Le vrai message de l’évangile de ce dimanche ne se réduit pas à une question de vocabulaire. Il n’est pas question de cesser de saluer un prêtre du nom de "Père" ou un religieux du nom de "maître des novices". Mais c’est à chacun de vivre au quotidien le reflet de l’amour de Dieu tel que le Christ nous l’a reflété en sa vie. Pour le Christ, l’autorité n’est pas ni un pouvoir, ni un privilège. Elle doit être humblement assumée pour servir les autres.

Le contraste entre les Pharisiens et Jésus est signifiant jusque dans ses conséquences.
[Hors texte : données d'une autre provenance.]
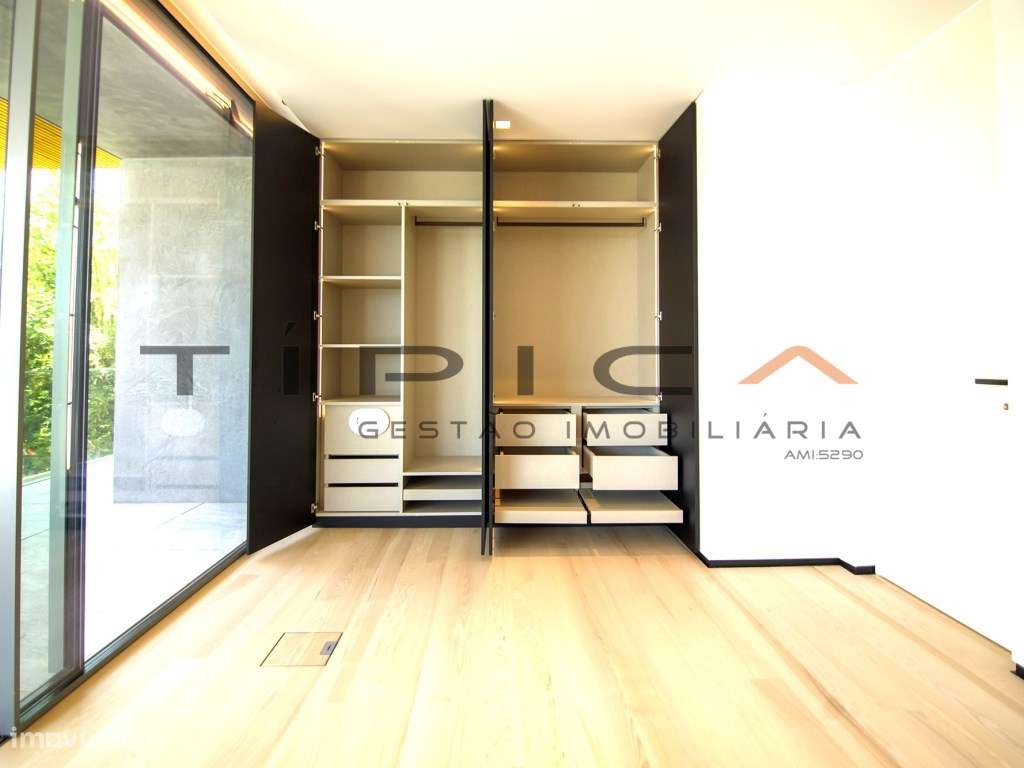 Moradia LUXO Condomínio Privado-44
Les Pharisiens utilisent leur pouvoir pour enfermer leurs frères dans des contraintes qui les rendent incapables d’accomplir la Loi authentique. Elle devient une entrave à leur liberté, enfermés qu’ils sont dans le savoir de ces spécialistes. C’est abuser de sa fonction d’enseignant que de s’ériger en maître parce qu’on est chargé de transmettre la Parole, la pensée et la volonté de Dieu.

L’autorité de Jésus est tout autre. Elle est exclusivement au service de la libération des hommes. Il pardonne, il guérit, il remet debout, il redonne un avenir, une chance, une capacité d’être responsable. Il s’est donné sur la croix pour le salut du monde. En lavant les pieds de ses disciples au soir du Jeudi Saint, il nous apprend à aimer et à nous mettre au service les uns des autres. « Le plus grand parmi vous sera votre serviteur » (Evangile).

Dans la seconde lecture, saint Paul nous invite nous aussi à nous mettre au service des autres, avec douceur, sans être à charge et sans tirer profit des titres et fonctions. Notre mission est d’être frères, serviteurs de nos frères. C’est d’être humblement à l’écoute des tâtonnements de chacun, sans lui asséner nos certitudes de "maîtres". C’est non seulement « donner l’Evangile de Dieu » mais donner à nos frères « tout ce que nous sommes » (2ème lecture).